Applications for Maui youth facility withdrawn
By Timothy Hurley
Advertiser Maui County Bureau
WAILUKU, Maui A planned treatment center for troubled youths that ran into a buzz saw of opposition from residents of a rural Upcountry community will not be built at least for now.
Maui Youth and Family Services Inc. has withdrawn applications for a state Land Use Commission special use permit and conditional permit to build a $5.5 million residential facility on 10 acres off Oma'opio Road in Lower Kula.
However, a spokeswoman for the nonprofit social service agency said the group plans to resubmit the Oma'opio applications at a later date.
"It's going to happen," Carol Clark said yesterday. "It's a worthy project and a great location. This needs to happen and it will.''
The postponement of the project became necessary, in part, with the lapsing of the availability of $2 million in state money, Clark said.
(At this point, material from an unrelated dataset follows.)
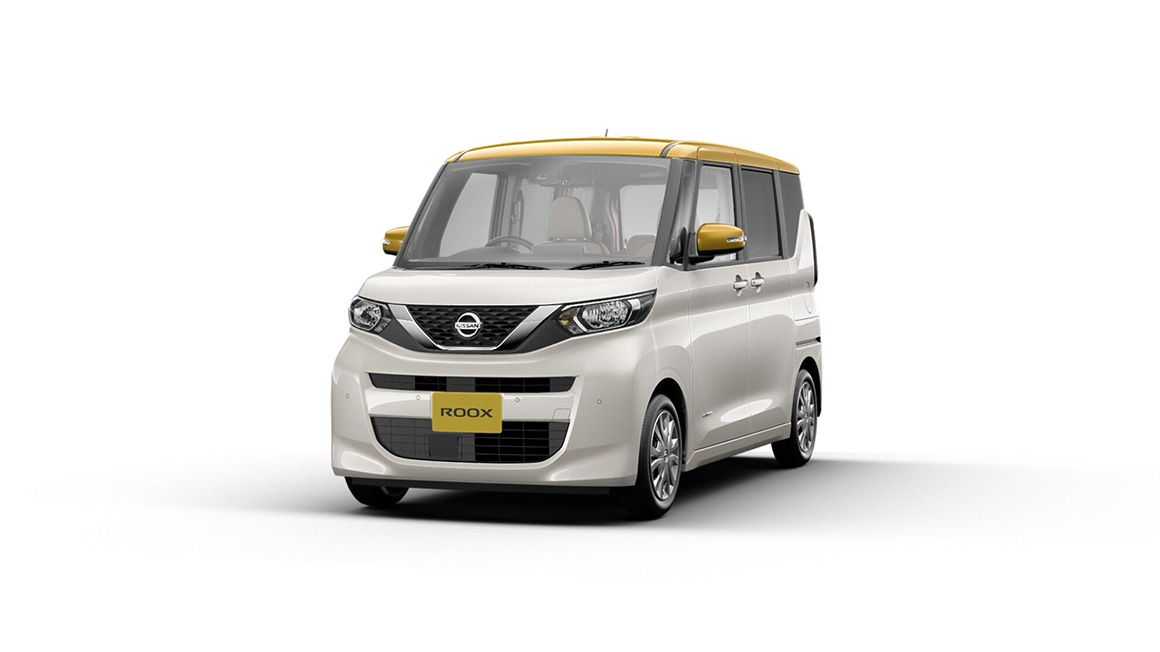 日産：ルークス [ ROOX ] 軽自動車 | 外観・デザイン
As a result, MYFS needs to find more money.
"We're glad they've taken it off the table,'' said Anthony Ranken, the attorney representing the residents opposed to the facility. "But we hope that instead of regrouping and trying again, that they would come up with a more appropriate site instead of an agricultural community where it is not wanted.''
A petition to intervene before the Maui Planning Commission was amended last month, boosting the number of intervenors from 53 to 222.
According to the latest petition, the project for "troubled youth with destructive tendencies'' would have "grave effects'' on the community.
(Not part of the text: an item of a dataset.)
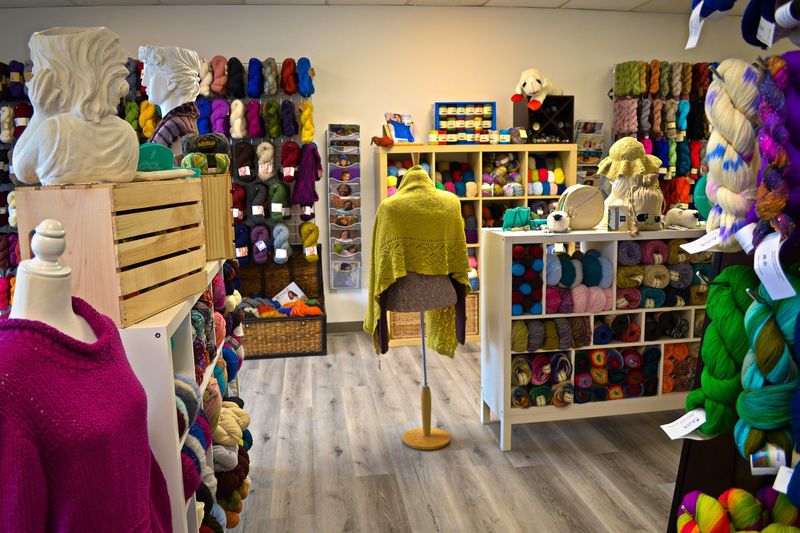 Where Yarn Shopping Becomes An Adventure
The family of Maui County Councilman Alan Arakawa is planning to donate the land.
He said he's in the process of subdividing the land, some 46 acres, and still plans to donate 10 acres to Maui Youth and Family Services.
"I still have every intention of helping the youth of our community,'' he said. "At the end of the day, someone has to take care of those who can't help themselves.''
As proposed, the center would provide residential treatment for about 30 youths from age 12 to 19 "who have been abused or neglected, have behavioral health challenges or are troubled," according to the MYFS application.